Pictures with short captions.
----
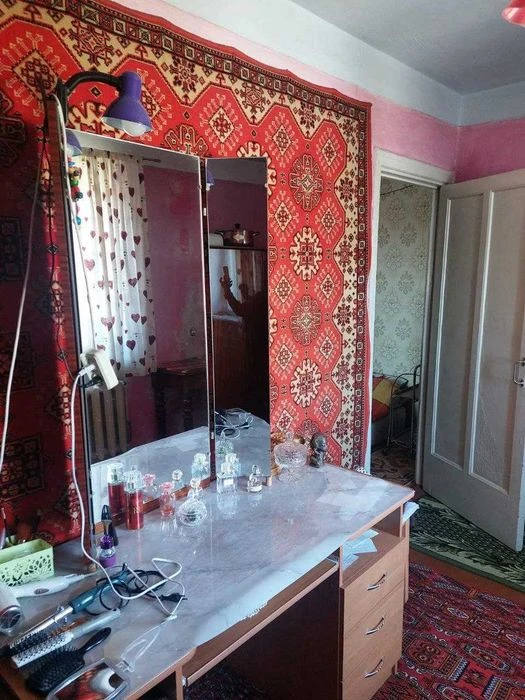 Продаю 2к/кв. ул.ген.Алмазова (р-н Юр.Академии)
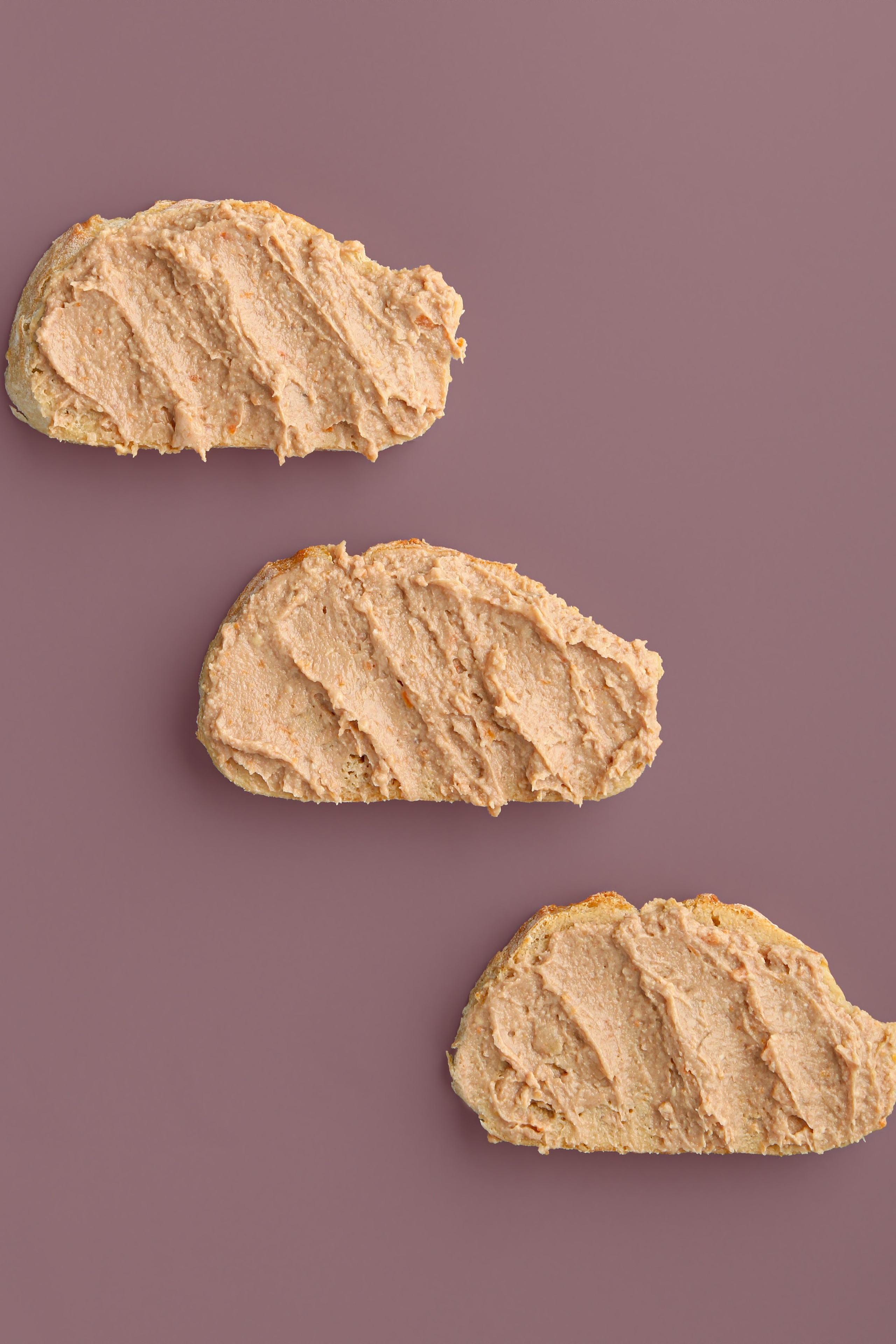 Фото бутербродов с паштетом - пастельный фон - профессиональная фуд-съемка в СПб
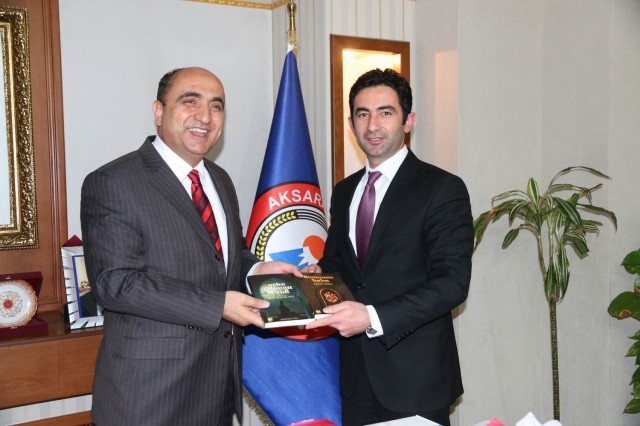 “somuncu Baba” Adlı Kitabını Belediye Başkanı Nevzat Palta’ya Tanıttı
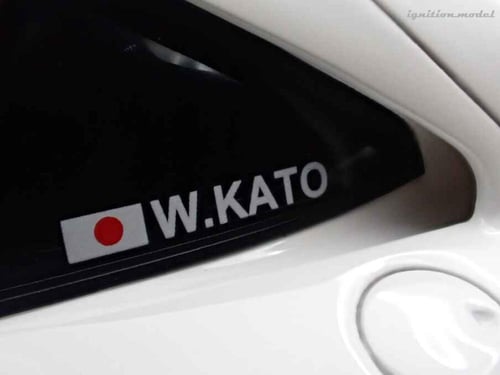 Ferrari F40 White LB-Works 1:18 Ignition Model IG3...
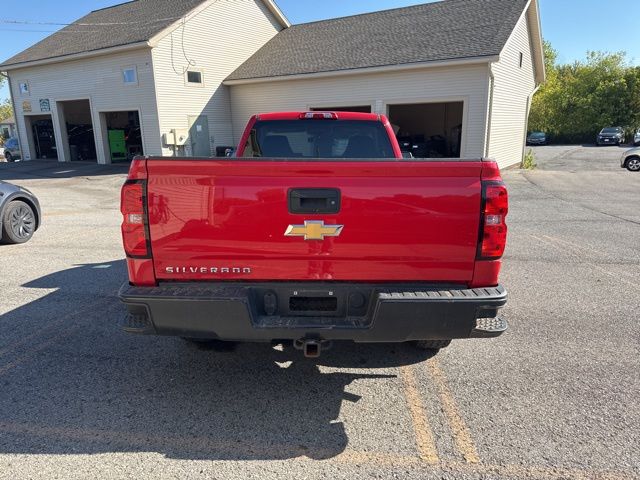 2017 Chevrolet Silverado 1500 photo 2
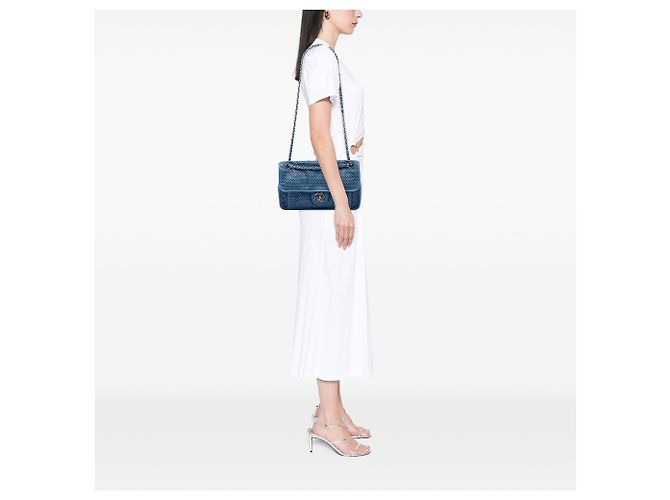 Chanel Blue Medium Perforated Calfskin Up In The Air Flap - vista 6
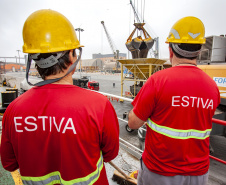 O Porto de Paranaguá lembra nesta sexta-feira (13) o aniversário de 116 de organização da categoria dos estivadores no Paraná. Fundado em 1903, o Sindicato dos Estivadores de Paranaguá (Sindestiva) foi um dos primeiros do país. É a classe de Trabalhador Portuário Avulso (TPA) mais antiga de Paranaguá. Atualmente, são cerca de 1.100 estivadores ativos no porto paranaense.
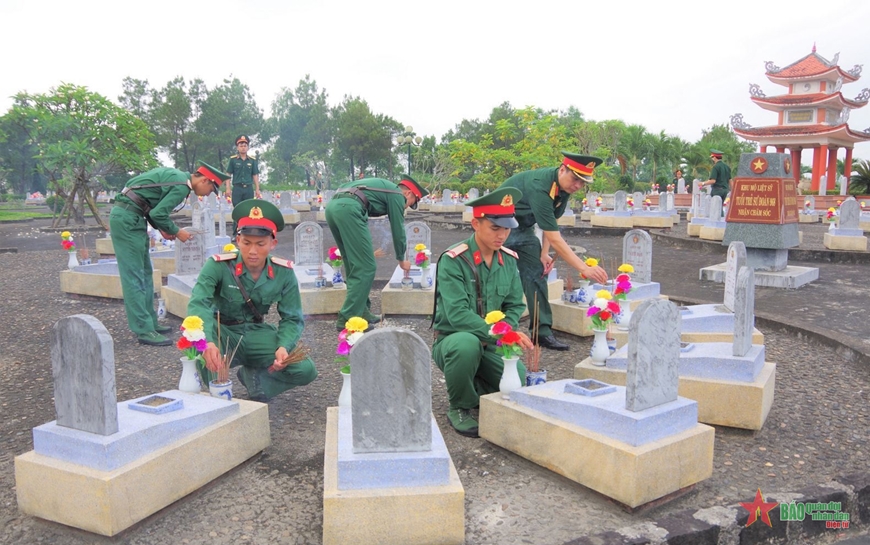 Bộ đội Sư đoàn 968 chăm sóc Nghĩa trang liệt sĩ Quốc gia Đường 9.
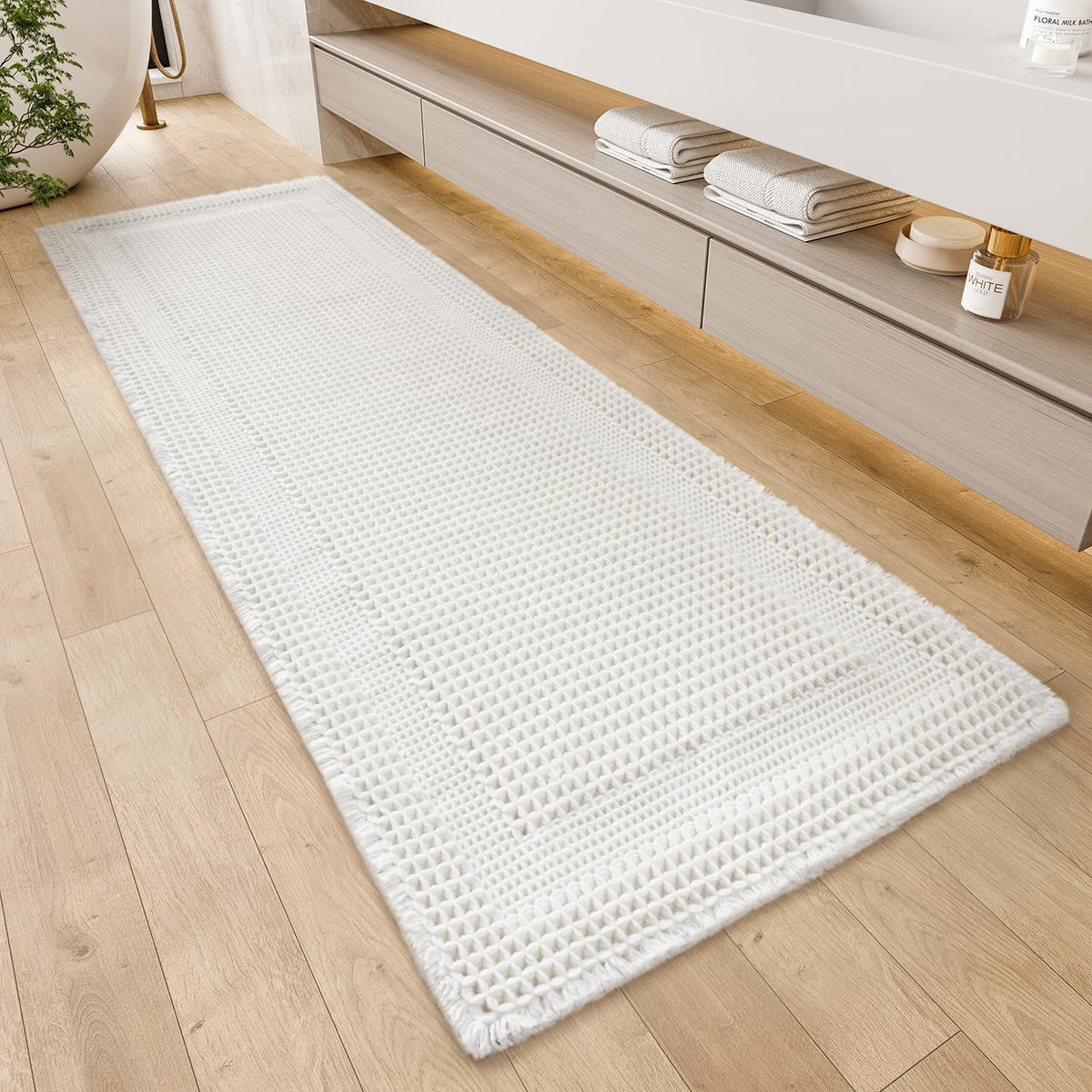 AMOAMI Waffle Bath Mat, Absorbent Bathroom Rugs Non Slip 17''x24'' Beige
----
THE TASK.
Reproduce the data above exactly, but only the lines from the one showing "Фото бутербродов с" through the one showing "Chanel Blue Medium", with both ends kept and the pictures left out.

SOLUTION.
 Фото бутербродов с паштетом - пастельный фон - профессиональная фуд-съемка в СПб
 “somuncu Baba” Adlı Kitabını Belediye Başkanı Nevzat Palta’ya Tanıttı
 Ferrari F40 White LB-Works 1:18 Ignition Model IG3...
 2017 Chevrolet Silverado 1500 photo 2
 Chanel Blue Medium Perforated Calfskin Up In The Air Flap - vista 6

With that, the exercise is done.